═════ GIVEN MATERIAL ═════
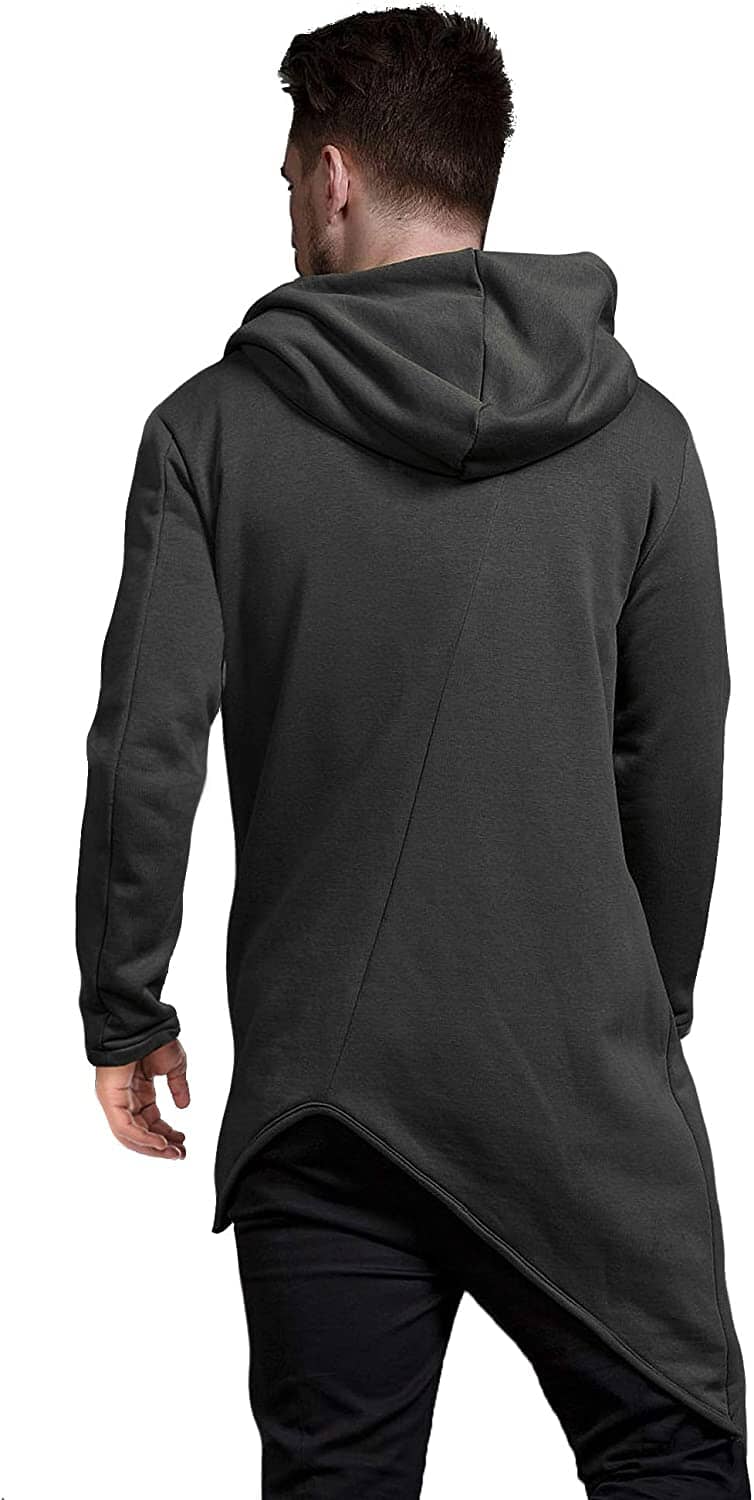 Lightweight Irregular Hem Pullover Hoodie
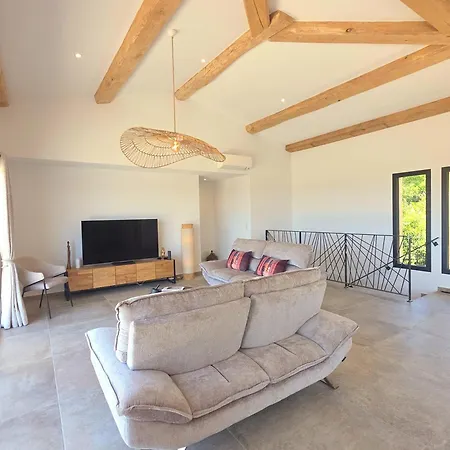 Maison Avec Piscine - Vue - 6 Personnes Villa Monacia-d'Aullene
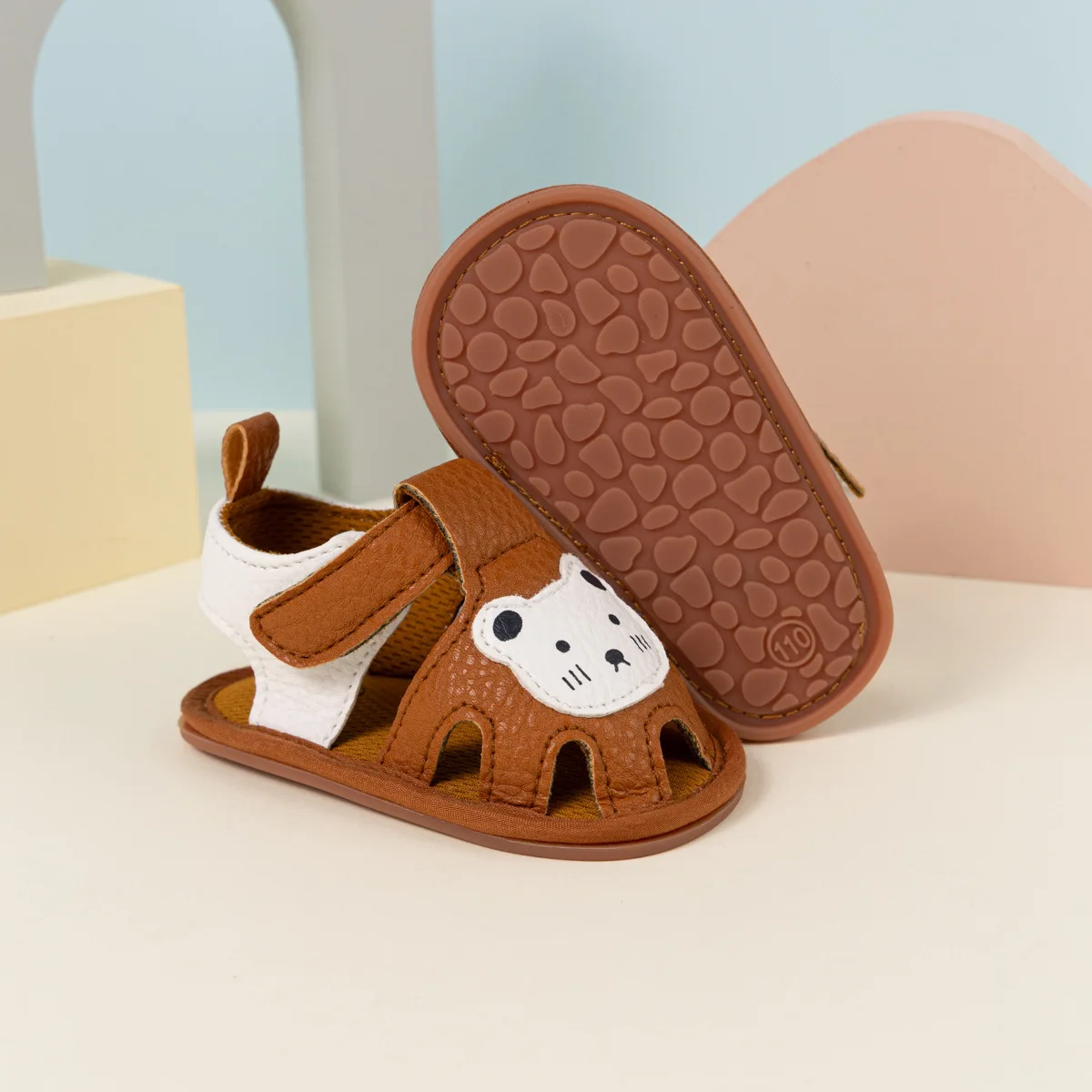 Neue Baby-Sommer-Sandalen für Kleinkinder, Mädchen, Jungen, bequem, atmungsaktiv, bequem, atmungsaktiv, rutschfest, flach, weich, für Kleinkinder – Detail 12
═════
Everything in the listing above, apart from its pictures, must be repeated exactly.

 Lightweight Irregular Hem Pullover Hoodie
 Maison Avec Piscine - Vue - 6 Personnes Villa Monacia-d'Aullene
 Neue Baby-Sommer-Sandalen für Kleinkinder, Mädchen, Jungen, bequem, atmungsaktiv, bequem, atmungsaktiv, rutschfest, flach, weich, für Kleinkinder – Detail 12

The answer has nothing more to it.